Gen Z is not far behind when it comes to supporting the millennials. In recent years, we saw a rise in the number of young climate activists, from the internationally celebrated Greta Thunberg, who is at the forefront of Fridays for Future and School Strike for Climate, to many others who have not received equal media exposure such as Ridhima Pandey, from India, and Leah Namugerwa, from Uganda. Upon witnessing the Uttarakhand floods in 2013, which killed more than 5,000 people and damaged over 4,000 villages in India, Ridhima took up the challenge of climate change. In 2017, at the young age of 9, she filed a lawsuit against the Indian government over its inaction against climate change. This lawsuit was the starting point of her fight against climate change, which eventually led her to the United Nations Climate Action Summit in September 2019. Lesein Mutunkei, a 15-year-old boy from Kenya, has launched a #Trees4Goals campaign. He has combined his interest in football with his activism, starting a unique movement where he plants a tree for every goal he scores and encourages others to do the same. Lesein has encouraged his school and football club to be more sustainable and plans to spread his movement to the entire African continent. Last but not least, Autumn Peltier is an activist for clean water and indigenous communities. She has achieved multiple nominations for the International Children’s Peace Prize and was included in the BBC’s 100 Women of 2019.
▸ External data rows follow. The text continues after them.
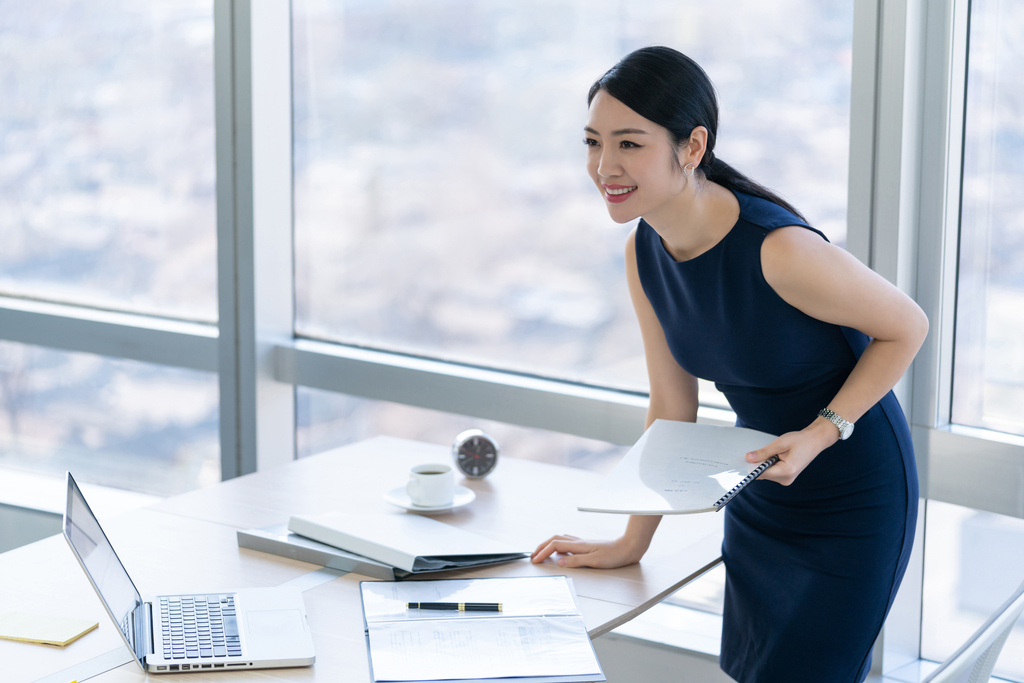 年轻商务女士办公图片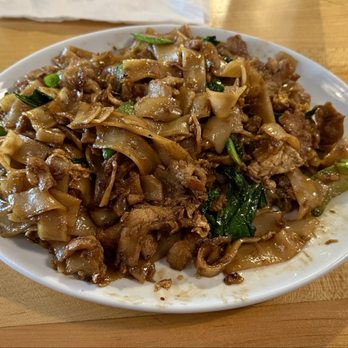 Mint Thai Kitchen - Pad see ew with pork, medium spice level, dinner portion - Thai Near Me - Houston, Texas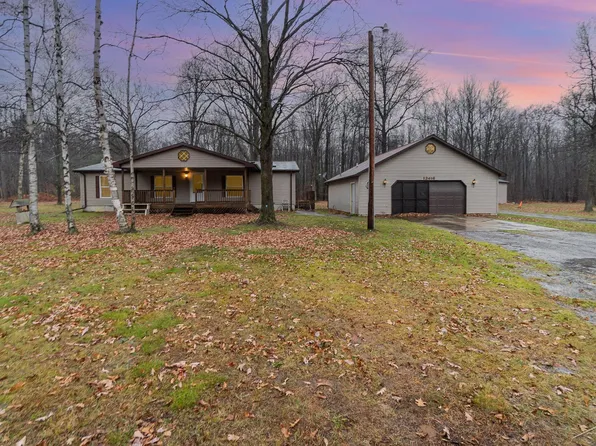 12416 Bell Rd, Burt, MI 48417
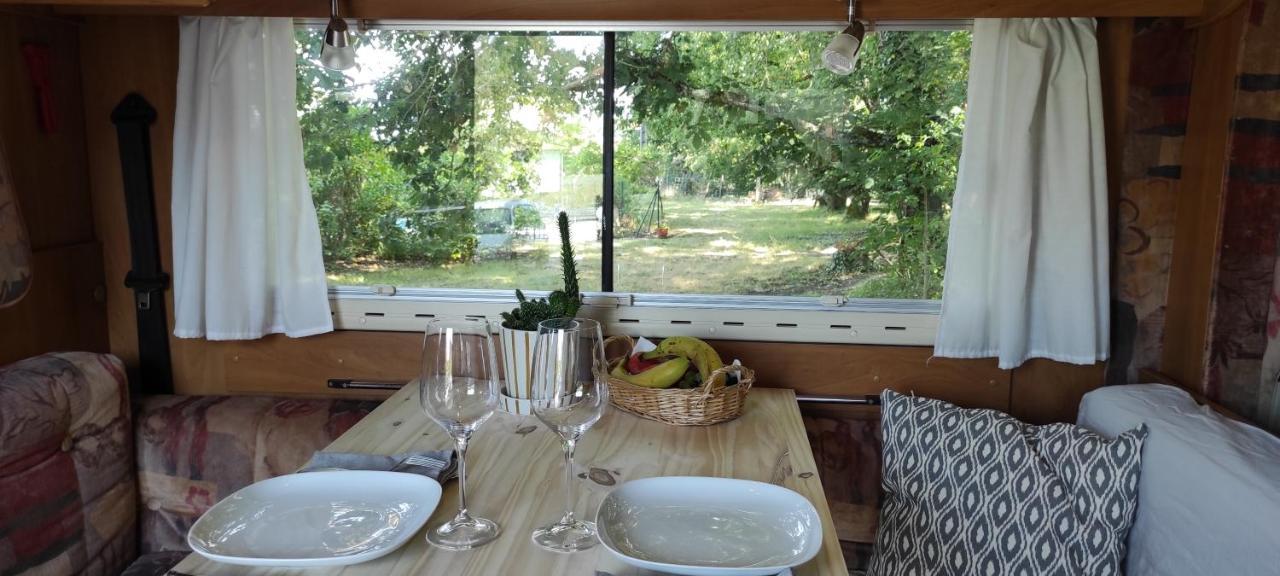 Charmant camping-car à la campagne Labessiere-Candeil Esterno foto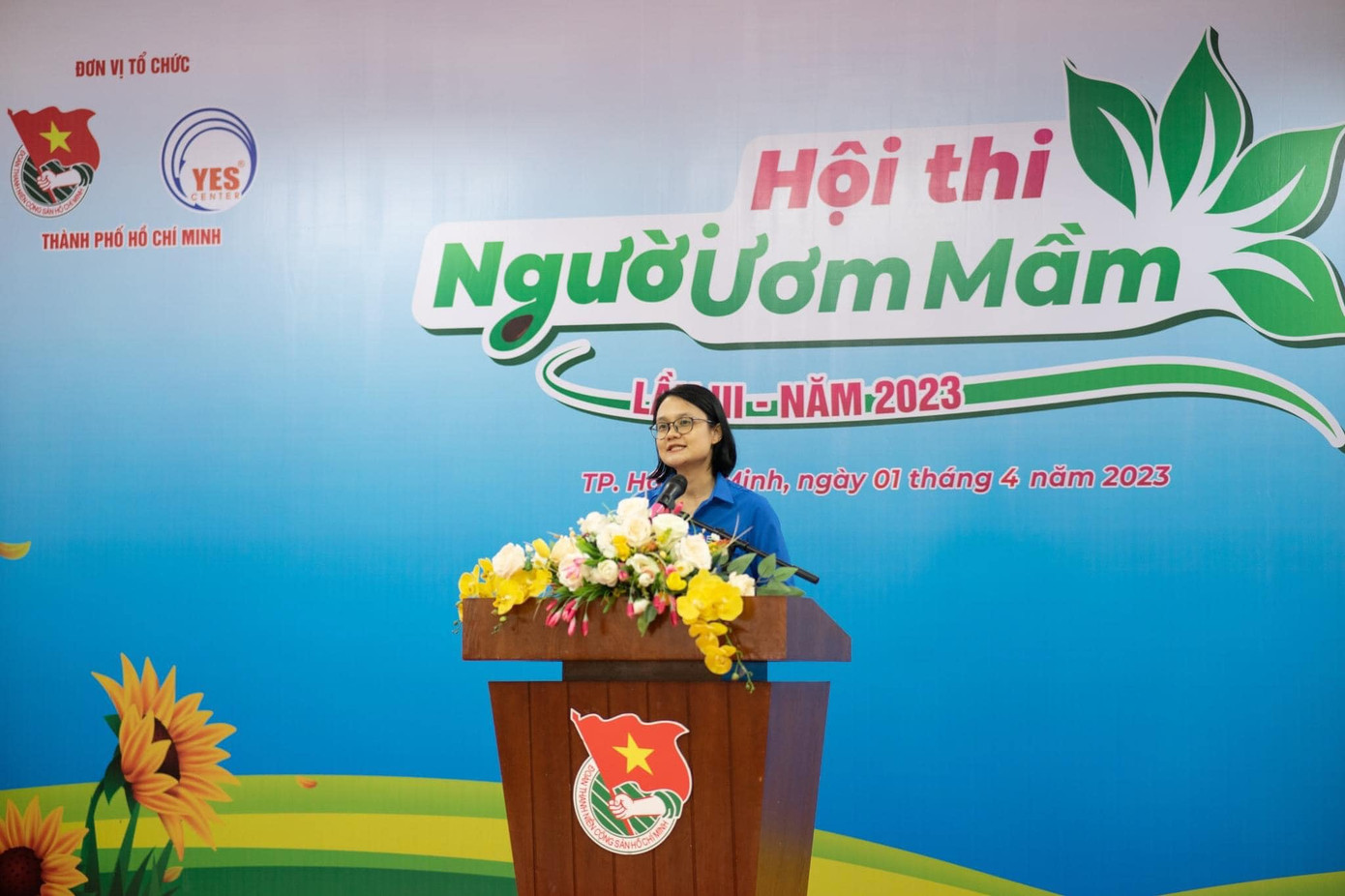 Phó Bí thư Thành Đoàn TP. HCM Trần Thu Hà phát biểu tại Lễ khai mạc Hội thi “Người ươm mầm” lần III, năm 2023.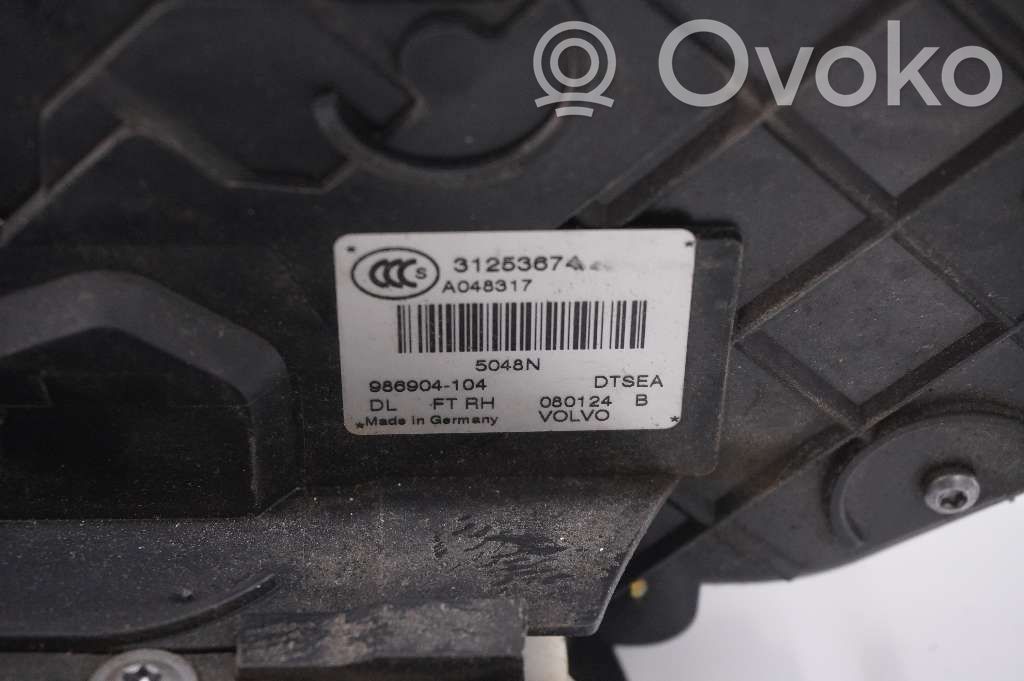 Volvo V70 Încuietoare ușă față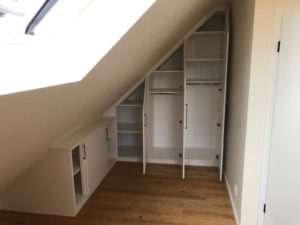 Dachschrägenschrank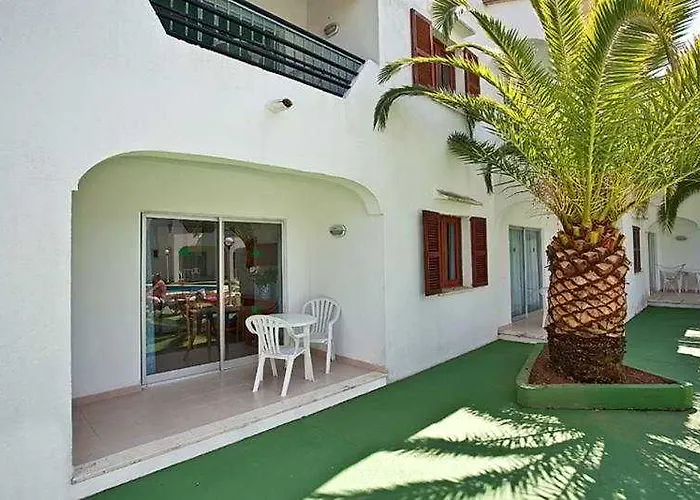 Fiesta Beach Apartments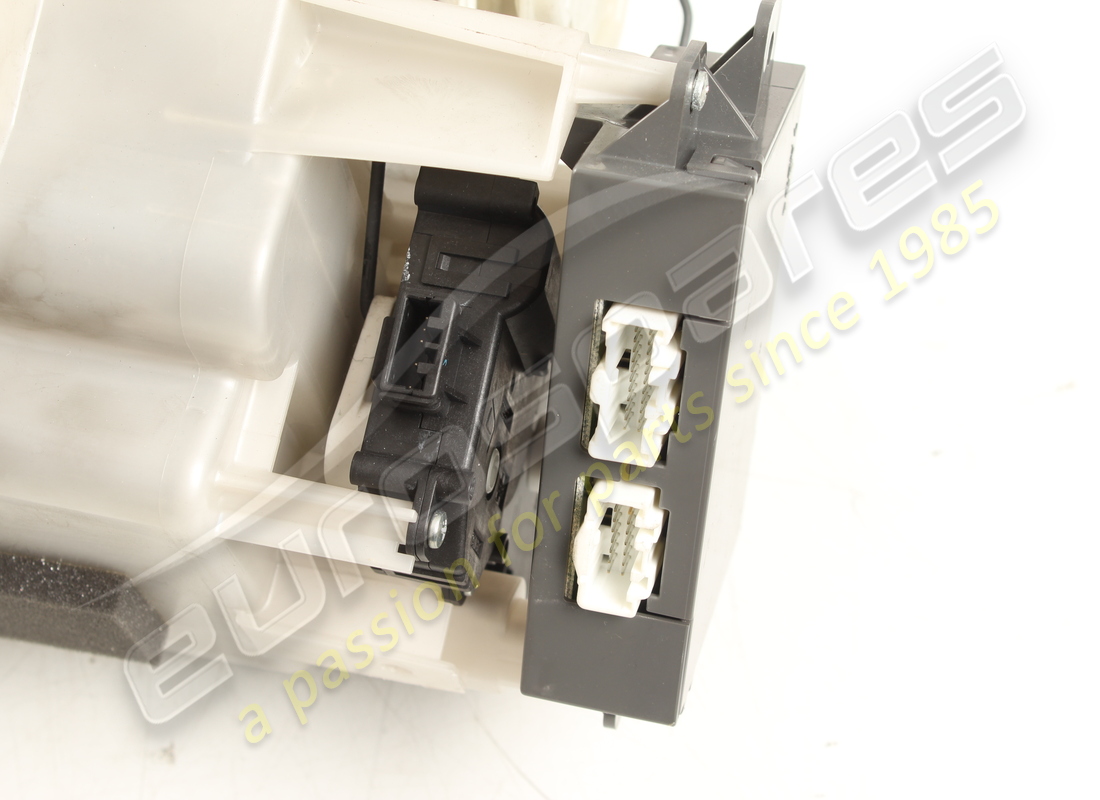 gebrauchte aston martin heiz-/klimaanlage, einschliesslich ecu. teilenummer 6g3318n407ba (3)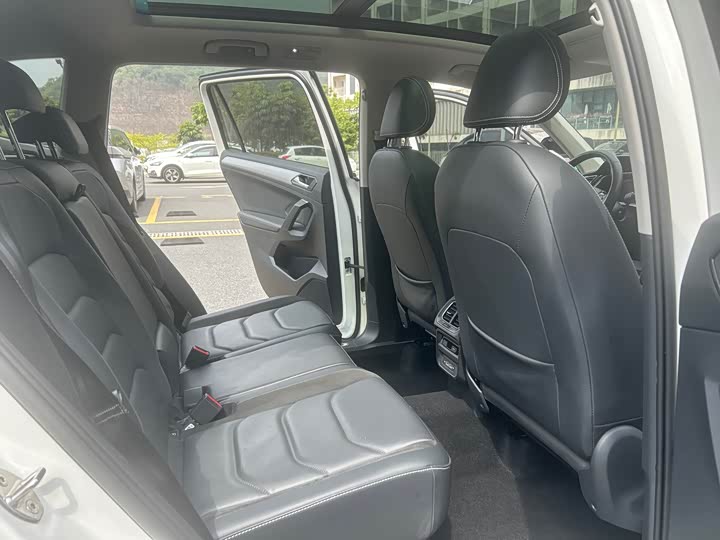 Фото 8 - Volkswagen Tiguan L Hybrid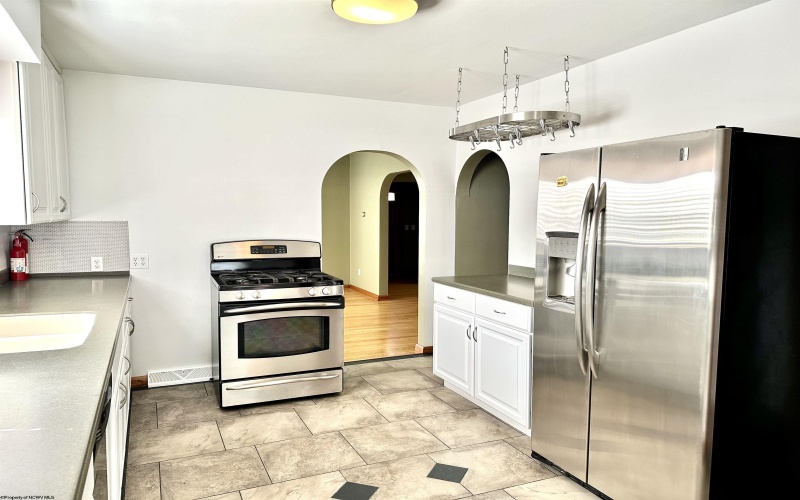 89 Hall Street, Philippi, West Virginia 26416, 3 Bedrooms Bedrooms, 8 Rooms Rooms,1 BathroomBathrooms,Single Family Detached,For Sale,Hall,10160508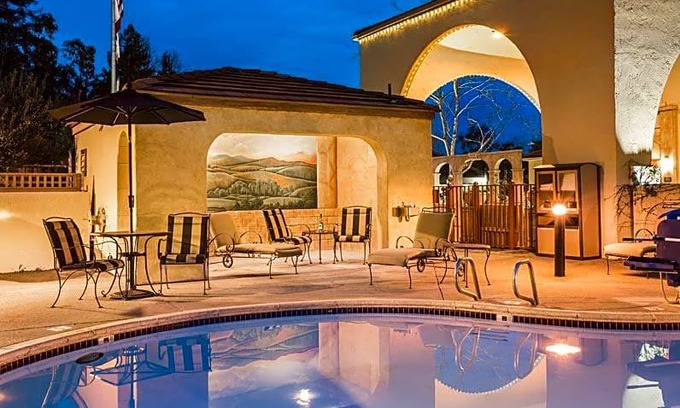 Healdsburg Hotel | 3-Star Hotel ∙ Best Western Dry Creek Inn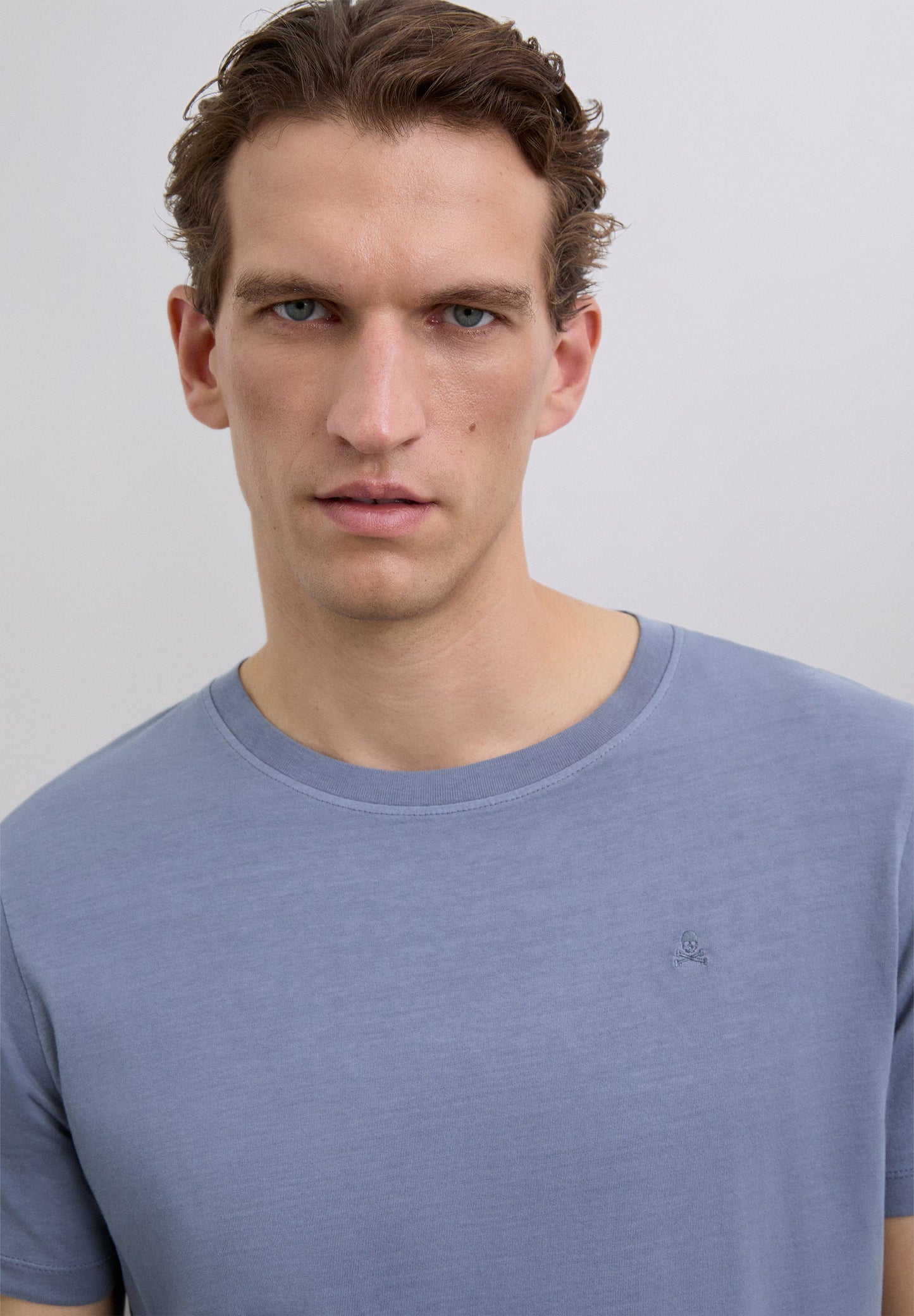 POLERA CALAVERA BORDADA TONO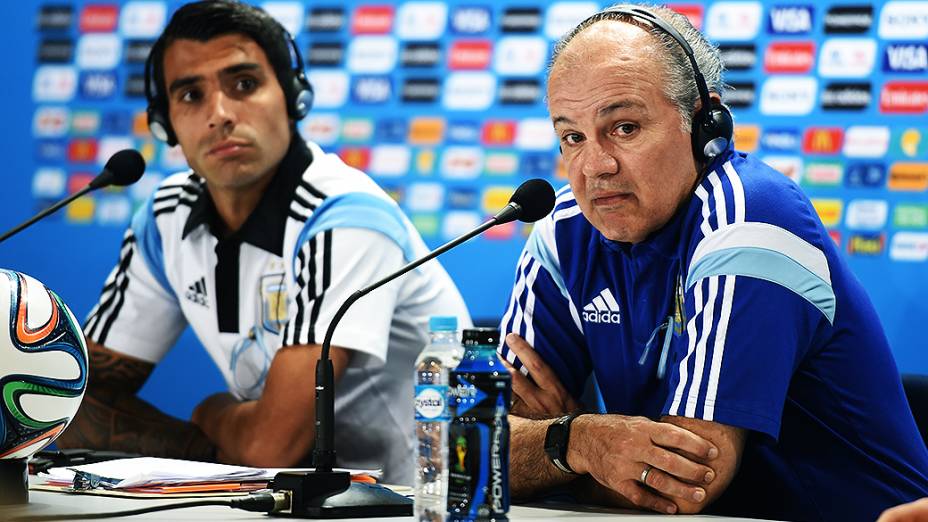 O meia Augusto Fernández e o técnico Alejandro Sabella, da Argentina, falam sobre o jogo contra o Irã, no Mineirão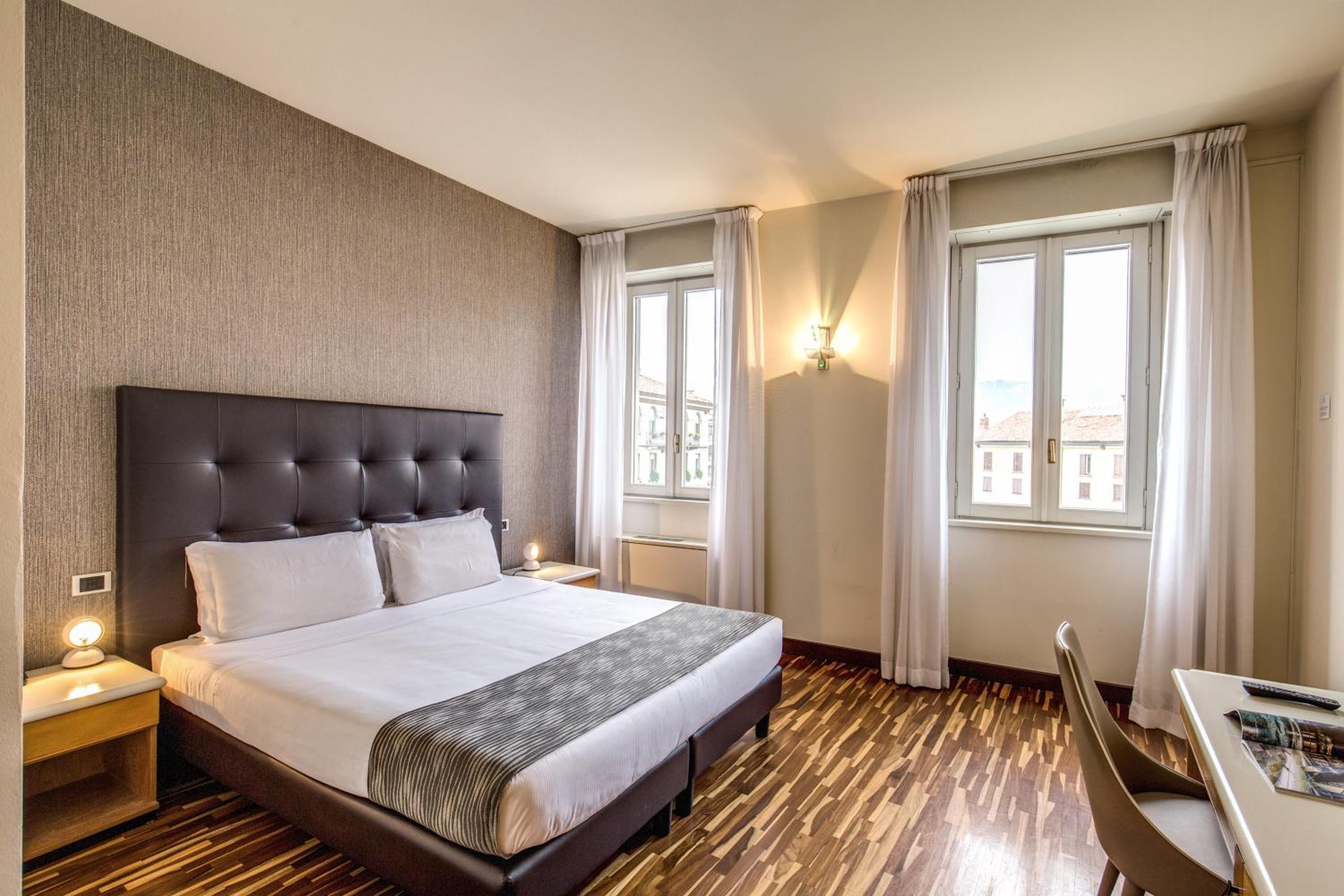 Superior Double or Twin Room photo 3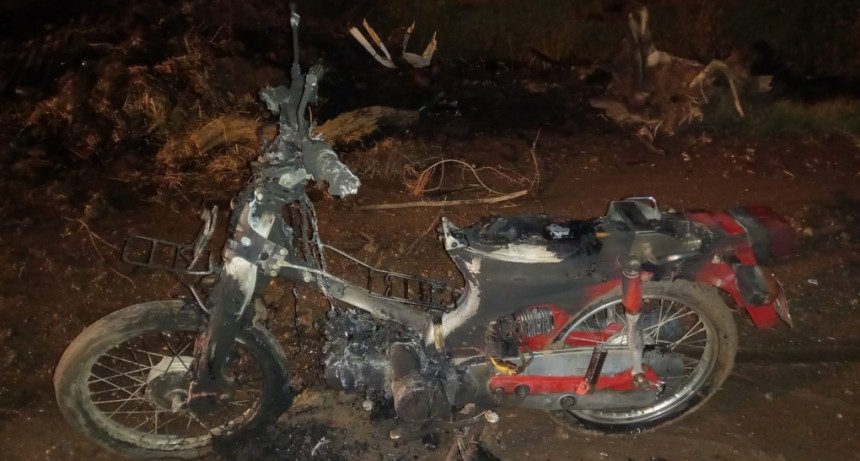 Villa &Aacute;ngela: HABR&Iacute;A INCENDIADO SU PROPIA MOTO, LOS VECINOS CONTROLARON EL FUEGO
Climate change is not a new phenomenon; it has been prevalent since the last century. Our species has conveniently ignored it so far, but we cannot afford that luxury anymore. Many mistakes have been made, and irreversible changes have occurred for which future generations are bound to pay. However, as the baton of leadership is passed to a new generation, we see rays of hope for our future. Fortunately, youth today not only recognizes this catastrophe but is also willing to work towards actively combating it.

We must not forget that we do not inherit the earth from our ancestors; we borrow it from our children. Let’s strive to leave behind a planet that can sustain life long after we are gone.

Manan Shah

Manan Shah is a final year undergrad student, studying Computer Science at the Manipal Academy of Higher Education in Karnataka, India. He is passionate about activism and aspires to pursue a career wherein he can promote and contribute significantly to the cause of sustainable development and animal rights.